In conclusion, the apparent discrepancy between the two reports may well be accounted for by the breadth of the genetic analysis, substantial differences in the frequency of MBL genotypes in different human populations (Table 1) and other factors that usually make genetic association studies during a global pandemic extremely challenging (new emerging virus strains, different pandemic waves, vaccinations and different medical care approaches). The possibility that MBL-triggered complement activation may amplify advanced tissue-damaged disease, including thromboembolic complications, is biologically plausible and deserves further studies.


Patient cohorts and ethical approvals

Approvals for the project were obtained from the relevant ethics committees (for Humanitas hospitals, reference no. 316/20, and for the University of Milano–Bicocca School of Medicine, San Gerardo Hospital, reference no. 84/2020). The requirement for informed consent was waived.
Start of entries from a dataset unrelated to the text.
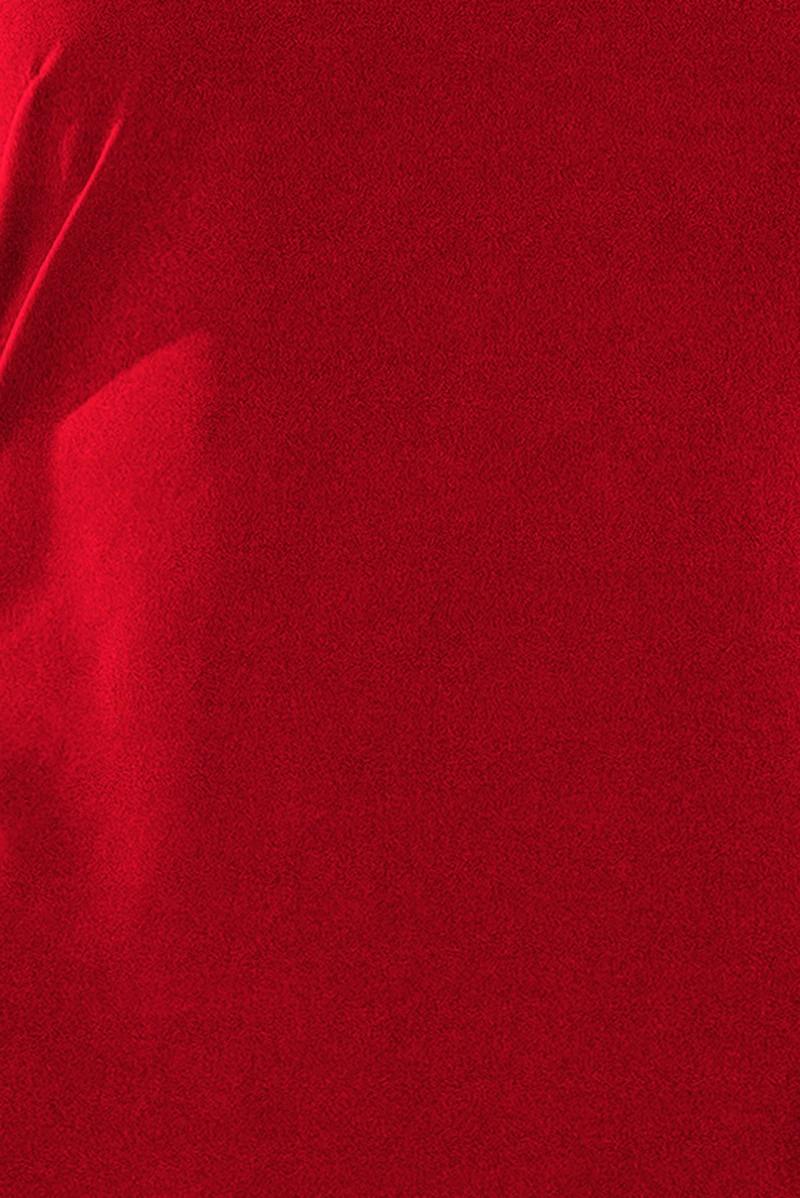 A vibrant red fabric with a soft, velvety texture is shown in close-up. The material appears smooth and luxurious, ideal for creating elegant garments or upholstery.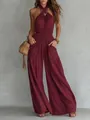 Detail view of the bohemian backless sleeveless wide-leg jumpsuit with waist smocking - S / Dresses / Rouge Red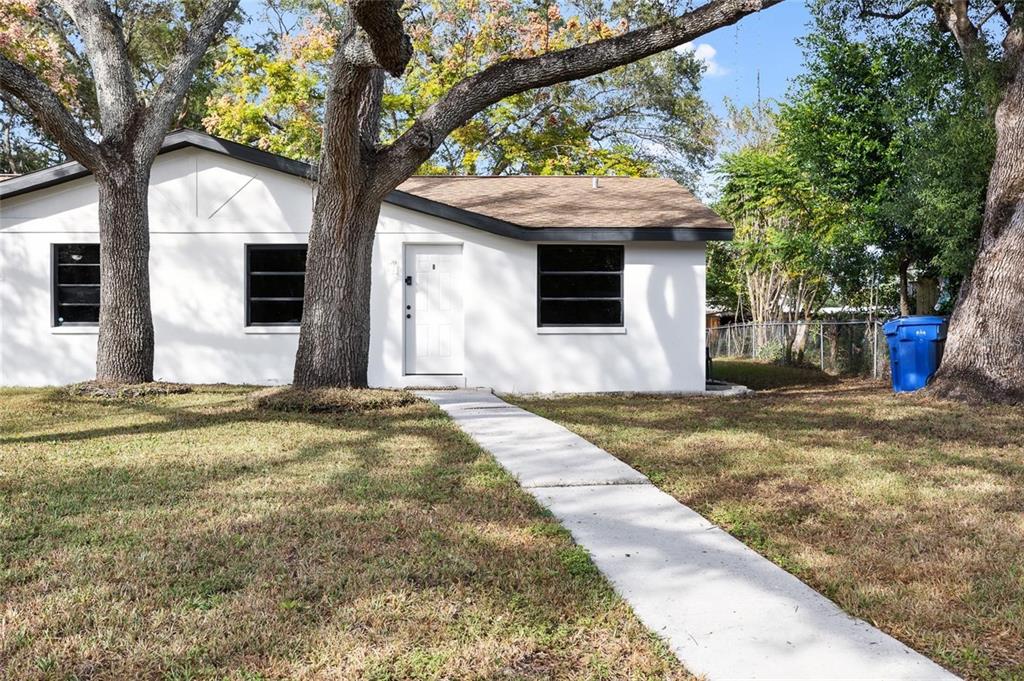 A white single-story house with a brown roof, black window frames, and a concrete walkway — 1220 E 142ND AVENUE UNIT B, TAMPA, FL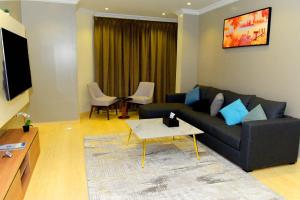 a living room with a couch and a table at Art Suite in Riyadh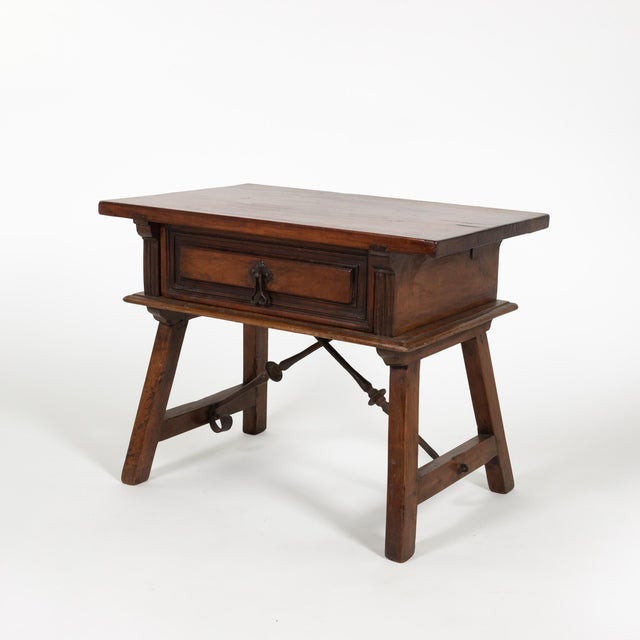 A Spanish low table in chestnut with rectangular single-slab top and a molded single drawer front, framed by recessed...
For genetic association analyses, we investigated a total of 3,717 individuals. These included: (1) 527 patients with severe COVID-19, which was defined as hospitalization with respiratory failure and a confirmed SARS-CoV-2 viral RNA PCR test from nasopharyngeal swabs; patients were recruited from intensive care units and general wards at three hospitals in Lombardy, that is, the Humanitas Clinical and Research Center, IRCCS, in Rozzano, Milan, Italy (180 patients), the San Gerardo Hospital, in Monza, Italy (320 patients) and the Humanitas Gavazzeni hospital, in Bergamo, Italy (27 patients); and (2) 3,190 controls from the general Italian population with unknown COVID-19 status.

Data on thromboembolic events were available for 207 cases (29% females and 71% males; mean age: 68.9 ± 12.3 years).

Genotyping and imputation

Details on DNA extraction, array genotyping and quality checks are reported elsewhere6,7.
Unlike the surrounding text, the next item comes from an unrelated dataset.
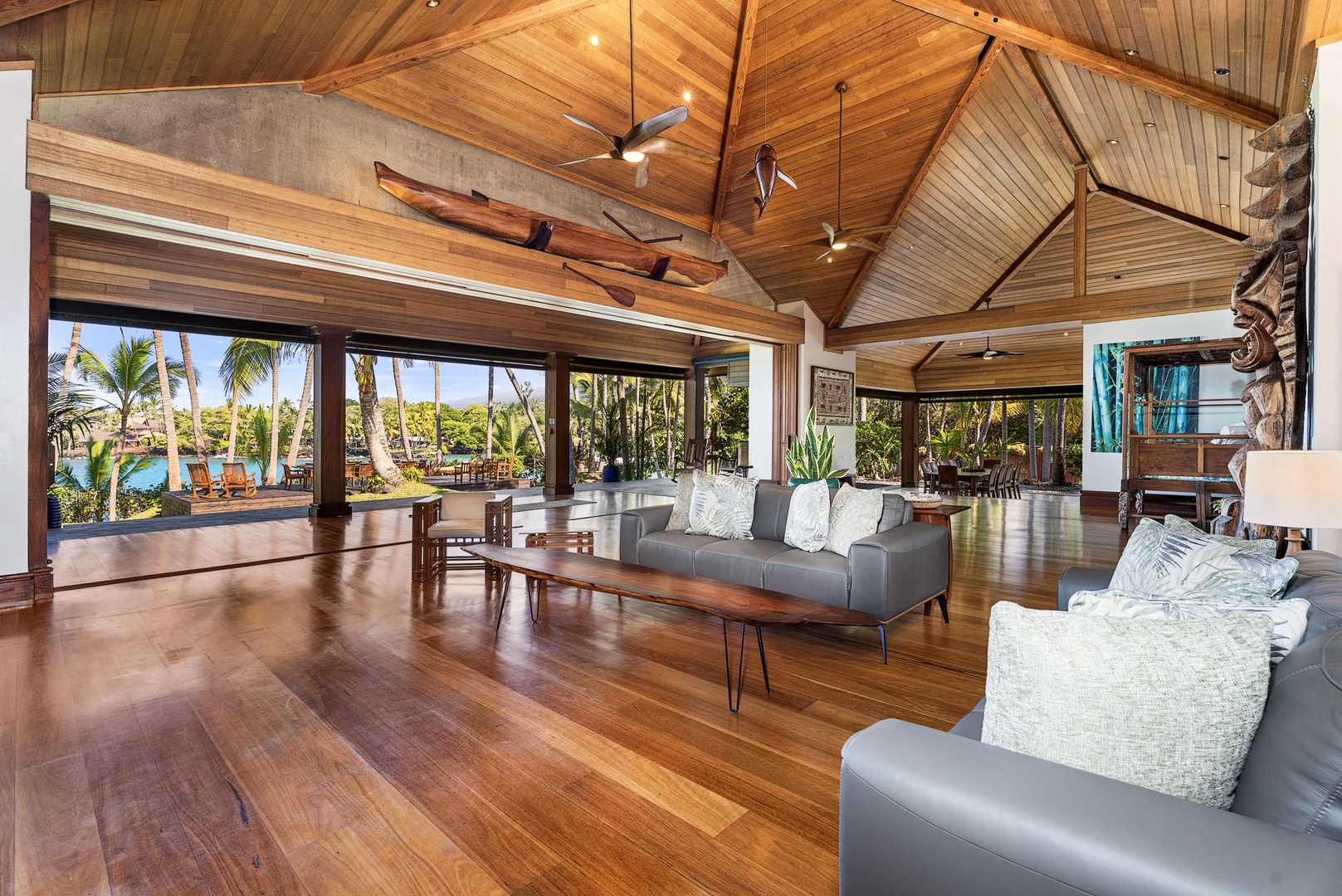 Kailua-Kona Vacation Rentals, Hahalua Bay Villa - Relax in your stunning living room with vaulted wood ceilings, tropical views, and modern furnishings that blend seamlessly with the natural surroundings.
Genetic coverage was increased by performing SNP imputation, as described1. In the post-imputation steps, we retained only those SNPs with R² ≥ 0.6 and MAF ≥ 1%. Next, we accurately checked cases and controls for solving within-Italian relationships and for testing the possible existence of population stratification within and across batches: to this aim, we performed principal component analysis (PCA), using a linkage disequilibrium-pruned subset of SNPs across chromosome 10 and the Plink v.1.9 package8. The final set of analyzed variants comprised 3,452 SNPs, distributed in the MBL2 region (the gene ± 500 kb).

Statistical analysis

Case–control allele–dose association tests were performed using the PLINK v.1.9 logistic-regression framework for dosage data. Age, sex, age × age, sex × age and the first ten PCs from PCA were introduced in the model as covariates. Analyses were conducted always referring to the minor allele. All P values are accompanied by odds ratio (OR) and 95% confidence interval (CI).

Haplotype analysis and reconstruction of functional haplotypes was performed using PLINK v.1.07 (ref. 9).
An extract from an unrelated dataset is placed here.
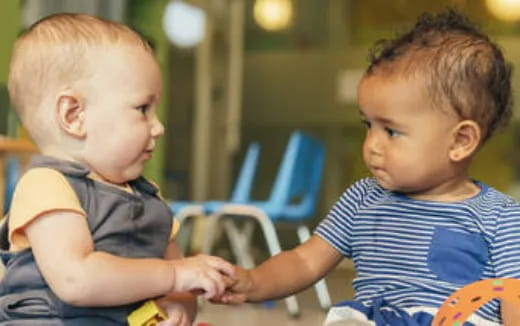 medium shot of kids sitting next to each other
The statistical analysis for association of functional haplotypes (high, intermediate and deficient) with severe COVID-19 or thromboembolic complications was performed using a binomial glm model in R ( with the following covariates: age, sex, age × age, sex × age and ten PCs as already calculated for previous analyses.

Reporting summary

Further information on research design is available in the Nature Research Reporting Summary linked to this article.